South By Northwest

Peninsula might be the new kid in town, but their take on Spanish and Portuguese cuisine is already winning the hearts—and guts—of Nashville's diners

We should clear this up first: tacos aren’t from Spain. I’m chatting with the three co-owners of Peninsula, a restaurant-shaped love letter to the cuisine of the Iberian Peninsula. Chef and co-owner Jake Howell loves the food and drink of Spain and Portugal in part because it’s not as well known here. But he’s found that brings a potential for misunderstanding. “For some reason, in the US, it’s a reasonably overlooked cuisine. To no fault of people, you say ‘Spanish,’ and they’re like, ‘I love tacos and burritos!’—which is completely wrong.”

Peninsula’s other co-owners, wife and husband team General Manager Yuriko Say and Bar Manager Craig Shoen, worked with Howell at The Walrus and the Carpenter, a highly esteemed Seattle eatery.
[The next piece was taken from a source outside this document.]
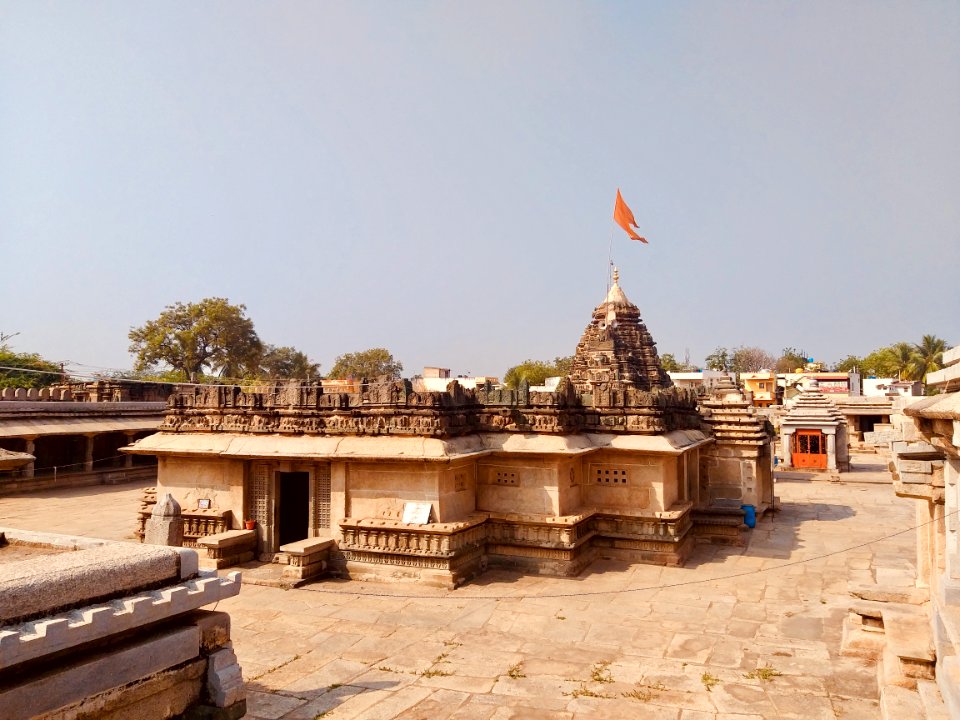 11th_century_Someshwara_temple,_Lakshmeswar,_Karnataka_India_-_106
When I ask why they left, Say gives a diplomatic response. “Let’s just say that, to start, we’re all very happy to be living here and not in Seattle anymore.” Schoen adds his opinion, with many unprintable curses to the same effect. Say and Schoen had moved from New York to start a restaurant in Seattle, but the economy tanked and their chef walked, along with his investment. That left them, as Say puts it, “playing with other people’s money for the better part of a decade.”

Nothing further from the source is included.